Бросил быстрый взгляд на Мариаграцию.
— Да, самый настоящий негодяй, — повторил он и похолодел от ужаса — так равнодушно, пошло прозвучал его голос. Точно он сказал «добрый день» или спросил, «который час». Он стукнул кулаком по столу. — Нет, я пойду к нему и надаю этому мерзавцу пощечин! — пронзительно, с деланной яростью воскликнул он. Поднял глаза и увидел свое лицо в висевшем напротив старом венецианском зеркале. «Это я или же кто-то другой отражается в зеркале и, лицемерно поглядывая на меня снизу вверх, словно шепчет еле слышно: „Нет, Микеле… не хватит у тебя духу. Признайся?“»
Мариаграция, казалось, вообще не обратила внимания на этот взрыв гнева.
— Все знают, кто они такие. Нувориши, нувориши и есть! — повторила она.
Карла услышала гневную тираду брата и повернулась к нему лицом.
— Очень тебе благодарна, — сказала она. — Но я уже поставила его на место… Предоставь все это мне.
Ее спокойствие подстегнуло Микеле.
— Предоставить тебе! — воскликнул он и с облегчением отметил, что теперь его голос звучал куда более искренне. — А ты не думаешь, что хватит двух моих слов?! И он сразу поймет, что не на ту напал.
— Прошу тебя, предоставь все это мне, — повторила Карла, пристально посмотрев на брата. Впервые ей довелось увидеть Микеле в необычной роли брата-мстителя. И он показался ей смешным и напыщенным, ни дать ни взять — провинциальный актер.

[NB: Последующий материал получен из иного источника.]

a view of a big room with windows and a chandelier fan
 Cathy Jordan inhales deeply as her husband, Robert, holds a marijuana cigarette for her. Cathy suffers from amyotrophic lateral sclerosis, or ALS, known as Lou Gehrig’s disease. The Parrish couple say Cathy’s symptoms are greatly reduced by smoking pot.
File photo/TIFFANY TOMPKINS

«А если бы он узнал, что я отдалась Лео? — в смятении подумала она. — Как бы он себя повел?!»
Она поглядела на него. Микеле умолк и склонился над тарелкой. Опустив свою гладко причесанную голову, он молчал и, казалось, о чем-то задумался, а пальцы его машинально катали хлебные шарики. Ничто не говорило о его воинственных намерениях. «Как бы он тогда себя повел?» — снова подумала Карла. Она ощущала какую-то неловкость и смутно догадывалась, что и поведение, и слова брата, как и удар кулаком по столу, были неискренними. И когда Микеле поднял на нее глаза, ей показалось, что взгляд их полон грусти и тайного стыда. Она поежилась. Белый призрак крепко сжал своими ручищами ее трепещущее сердце. Все вокруг подернулось белесой пеленой. Где-то в тумане звучал голос матери.
Обед кончился.
— Какие у тебя планы на сегодня, мама? — спроси. Карла, закуривая сигарету. Она ждала ответа с некоторым беспокойством. «Лишь бы не попросила пойти с ней вместе куда-нибудь», — подумала она. После полудня ей хотелось встретиться с Лео — она уже не могла без него обойтись и прекрасно это понимала. На смену радостной мечте о новой жизни пришла привычка, и она испытывала жадное, нетерпеливое желание вновь очутиться в его спальне.
— У меня? — задумчиво, бесцветным тоном сказала Мариаграция. — Не знаю… скорее всего отправлюсь за покупками! — Она умолкла и посмотрела на горящий кончик сигареты. — А ты? — спросила она. Ее дряблое, доверчивое сердце билось учащенно. Этот день станет ее днем. Лео после мимолетных заблуждений вернется к ней, к своей старой, надежной любви. Так было уже не раз; воспоминание об этом очень ее утешало и воскрешало надежду.